Highlights along the way :
Mikumi National Park:
Mikumi is the fourth largest national park in the country and TAZARA passes right along it. While riding through, you’ll find vegetation native to the savannah, including acacia, palm, tamarinds, and baobab. Here you’ll also find amazing views of rock formations and African wildlife.
Selous Game Reserve: On the opposite side of the train, you’ll see the Selous Game Reserve, one of the largest faunal reserves in the world; UNESCO designated it as a World Heritage Site for its untouched natural beauty and diverse wildlife.
There’s a good chance of spotting elephants, crocodiles, buffalo, hippopotami, and African Wild Dogs.
Mpanga River Bridge:
Eventually, the train will cross the Mapanga River valley via a bridge held up by three pillars at 50m high.
TAZARA arrives later into Njombe, a region in Tanzania known for its coffee and tea. Sites include large estates and groves of bamboo and fields of maize.
Udzungwa Mountains National Park:
You’ll also get a view of this national park which boasts a beautiful tropical rainforest home to a number of endemic species.
By now you’ll be in Makambo, which is a meeting point for TAZARA and the Tanzania Zambia Highway. Many of Makambo’s residents depend on travellers riding the train, and you won’t be able to miss the young children selling different products such as roasted chicken, chewing gum, cigarettes, and cooked maize.
Mbeya will be the second major TAZARA station you’ll stop at. If you so desire, you can explore the area through trekking and forest walking.
End Location: Kapiri Mposhi, Zambia
Expect to be on the train for around two days, but depending on delays and accidents, you could be on the train for even longer.
THE ZAMBEZI EXPRESS
The Zambezi Express transports travellers from Livingstone to a variety of cities. Prior to 2006, the train offered four classes of accommodation, ranging from economy with hard, basic seats, and 2-berth private compartments. However, the train now only has economy seats.
It’s quite a slow train, suffering from delays and road hazards, but it’s still used for practical reasons by locals as well as for the scenery of Zambian villages and people.
MULOBEZI Railway :
The Mulobezi Railway is the toughest of the trains that still runs today. Built between the years of 1905 and 1930, it stretched from Livingstone in southern Zambia to Mulobezi in western Zambia. Since its creation, the railway has had zero upgrades and is in a terrible state. However, the path it takes is a necessary one for many who live in the area and the train still operates once per week. It’s vital especially during the rainy season in Zambia, when many roads are impossible to travel on.

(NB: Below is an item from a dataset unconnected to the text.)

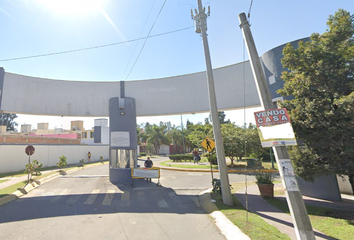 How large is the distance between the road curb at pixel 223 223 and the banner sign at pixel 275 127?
230 centimetres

For a journey of just 163 km, the train takes two days. The paths are so worn down that conductors are forced to operate the train at a much slower speed, so as to avoid derailments. In addition, the Mulobezi railway lacks lighting, making travel at night difficult and hazardous.
Many people who ride the train sit on the floor, due to poor seating conditions, but the journey is necessary, especially for those who plan on carrying their livestock in separate carriages. Many people are arguing for government involvement and funding but steps are being taken at a very slow pace. Tourists that end up on the train often can’t believe it’s still functioning and officials are worried that it creates a bad picture for future tourism. Both the government and Zambia Railways have promised to look into restructuring the railway, but there has been a lack of political will, leading to a lack of money and progress.